No se nos puede olvidar que quien más ayuda necesita no
siempre sabe o puede pedirla. Porque quien sufre no lleva pancartas, de hecho
muchas veces se parapeta en el silencio, como el adolescente que se encierra en
su habitación o la pareja que calla en la otra mitad del sofá, o que deja caer
sus lágrimas en el otro lado de la cama.
Saber “sentir y percibir” la necesidad del otro es lo que
nos hace ser dignos a nivel humano, porque
hacemos uso de esa cercanía emocional que nos enriquece como especie al
preocuparnos de quien tenemos cerca. Te proponemos reflexionar sobre ello.

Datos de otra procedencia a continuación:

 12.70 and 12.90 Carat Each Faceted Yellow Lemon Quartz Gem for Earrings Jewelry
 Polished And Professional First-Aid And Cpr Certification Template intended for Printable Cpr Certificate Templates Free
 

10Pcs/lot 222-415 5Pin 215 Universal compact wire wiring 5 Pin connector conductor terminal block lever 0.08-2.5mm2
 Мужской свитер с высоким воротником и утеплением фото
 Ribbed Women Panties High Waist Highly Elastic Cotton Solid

Te siento y te entiendo sin que digas nada: la lectura
emocional
Aunque no lo creamos, la mayoría de nosotros disponemos
de un poder excepcional: leer la mente. Esto mismo es lo que nos dice Daniel
Siegel, doctor en psiquiatría de la Universidad de Harvard y director del
“Center for Culture, Brain, and Development”. En su libro “The Mindful Brain”

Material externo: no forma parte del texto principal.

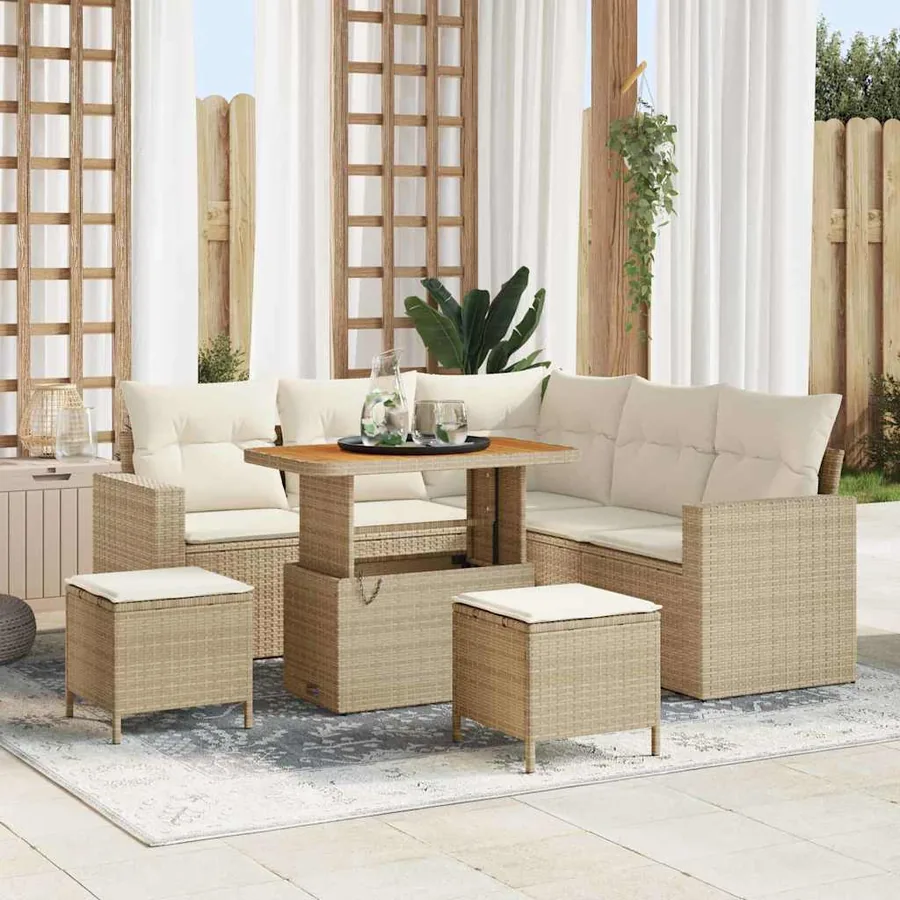 Ensemble de canapé de jardin 9 pcs Beige et crème polyrotin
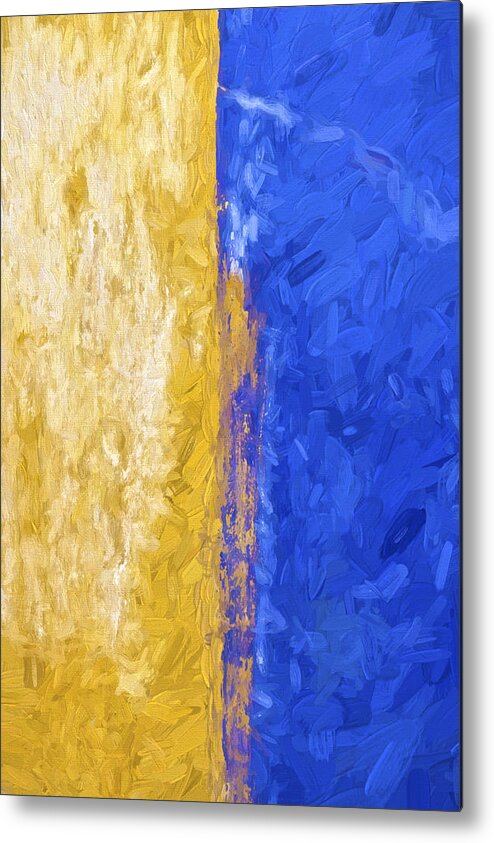 Abstract Metal Print featuring the photograph Blue and Yellow Abstract by David Letts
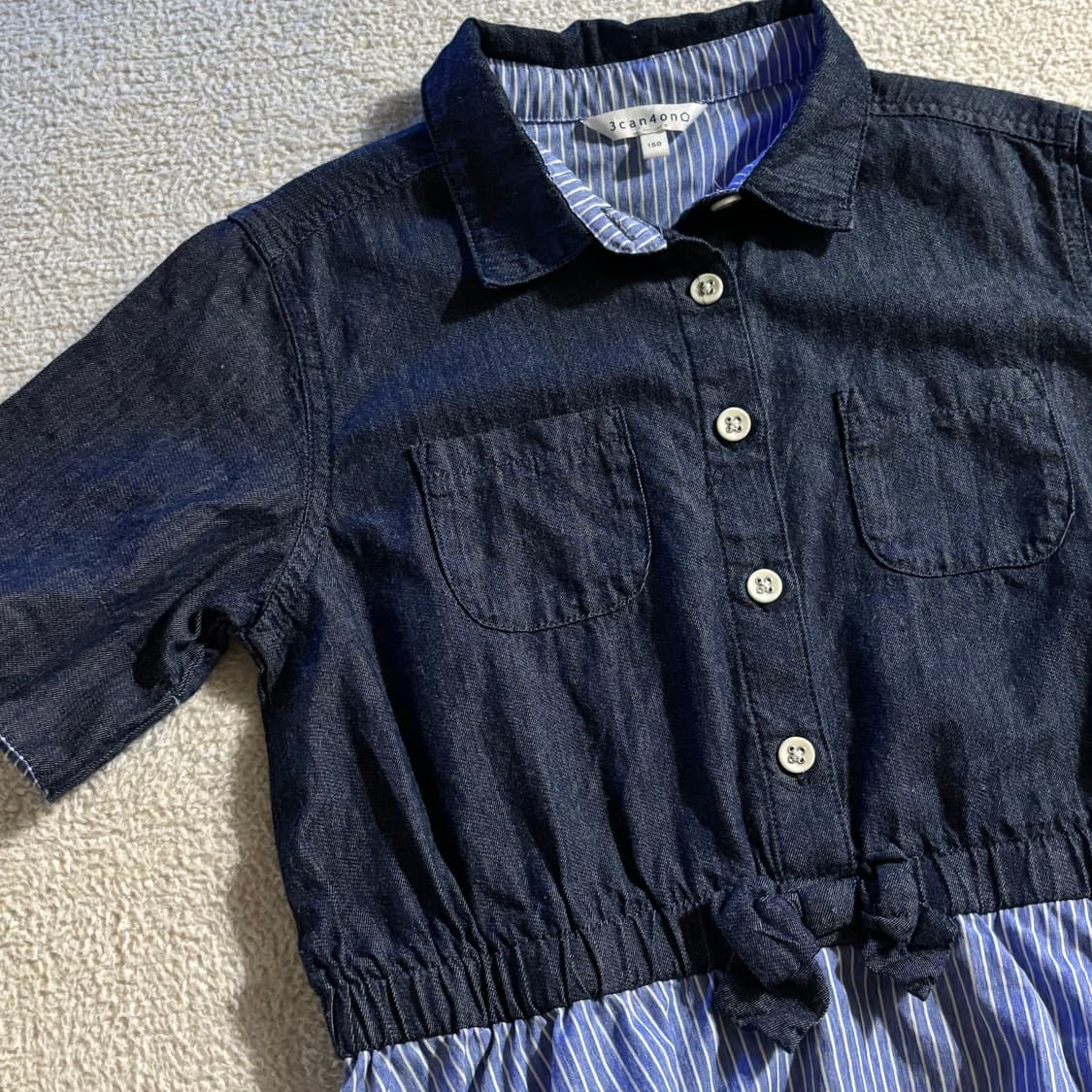 일본빈티지 청 스트라이프 원피스 상품이미지2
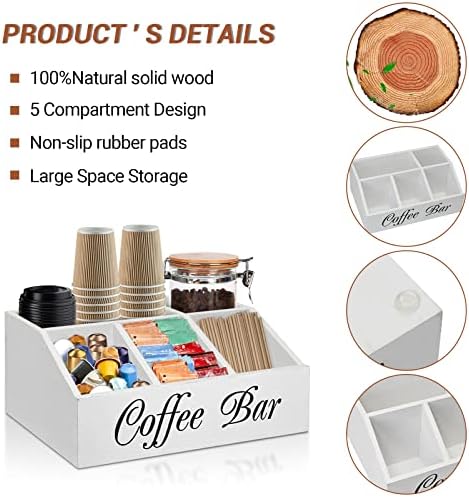 ugiftt Coffee Station Organizer for Counter, Wood Coffee Pods Holder Storage Basket, Tea Condiment Storage Organizer, Ru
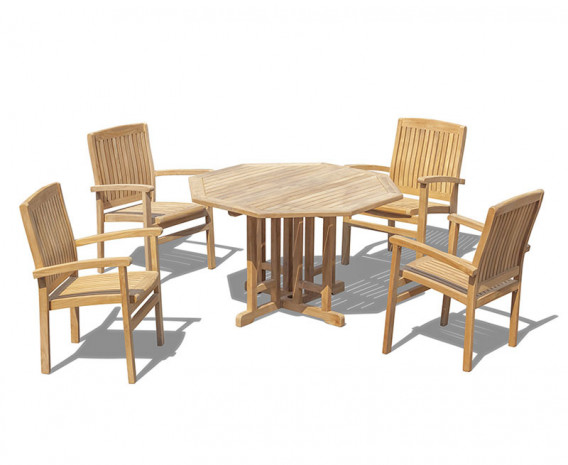 Berwick 1.2m Octagonal Gate leg Table and 4 Cannes Stacking Chairs Set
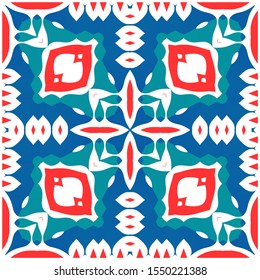 Mexican ornamental talavera ceramic. Collection of vector seamless patterns. Kitchen design. Red vintage backdrops for wallpaper, web background, towels, print, surface texture, pillows.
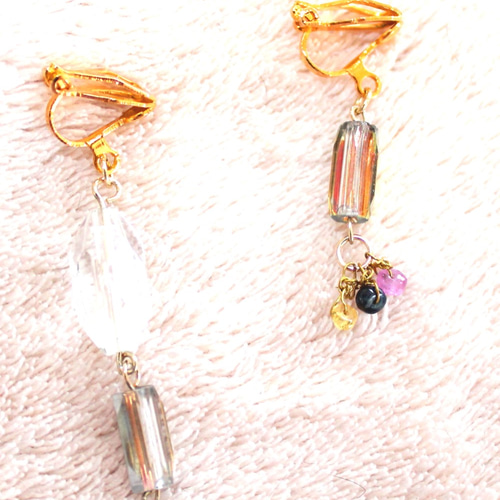 k18gp- マルチカラーサファイア ＆ vintage glass イヤリング +ruby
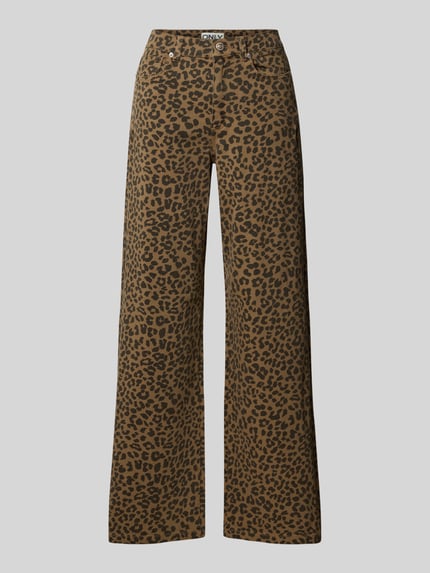 Produktfoto, braune High Waist Weite Hose aus Baumwoll-Mix Modell 'MADISON' von ONLY mit schwarzem Leopardenmuster, Damen Weite Hose von ONLY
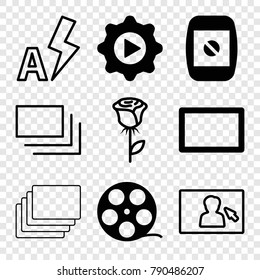 Set of 9 picture filled and outline icons such as camera tape, play in gear, camera display, burst, rose, auto flash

nos explica que cada uno de nosotros podemos llegar a ser grandes “lectores de
mentes”, porque la mente -y aquí llega el matiz más importante- se rige por
todo un universo de emociones que debemos ser capaces de descifrar.

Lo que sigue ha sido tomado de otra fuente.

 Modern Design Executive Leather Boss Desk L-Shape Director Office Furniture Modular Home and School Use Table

De hecho, la mayoría de nosotros aplicamos este “súper
poder” a diario. Nos basta ver el modo en que se sienta nuestro jefe y coge
aire para advertir de que hay algo que no va bien. Entendemos por el tono en
que nos habla nuestra amiga, que hay algo que le preocupa. Sabemos también
cuándo nos miente nuestro hijo pequeño y cuándo nuestro hermano, ha vuelto a
enamorarse de alguien.
Las emociones son como las burbujas del champagne.
Alborotan nuestros universos cotidianos, los rostros, las expresiones, los
gestos, las palabras… Fluyen a nuestro alrededor de forma caótica estallando en
pequeñas bombas de información capaces de producirnos a su vez, múltiples
sensaciones al empatizar con ellas. Sin embargo, el propio doctor Siegel nos
advierte de que hay personas con “ceguera emocional”. Aún más, hay perfiles de
personalidad incapaces de sentir esas “burbujas” emocionales de las personas
que tienen más cerca.
William Ickes es uno de los psicólogos que más han
estudiado la dimensión de la empatía a nivel científico y experimental. Por
curioso que parezca, y este dato es muy llamativo, a nivel familiar la
capacidad de empatía entre sus miembros no suele sobrepasar los 35 puntos. Sin
embargo, entre las buenas amistades supera los 70.
¿La razón? A nivel familiar es común establecer muchos
filtros personales. En ocasiones, nos limitamos a ver a nuestros hijos, pareja,
hermanos o padres como nosotros queremos y no como son en realidad. Es esa
ceguera mental con la que asegurarnos de que todo va bien, de que nuestro
“pequeño mundo” no tiene ningún cabo suelto, cuando en realidad, existen muchas
necesidades que atender y muchos lazos que sanar.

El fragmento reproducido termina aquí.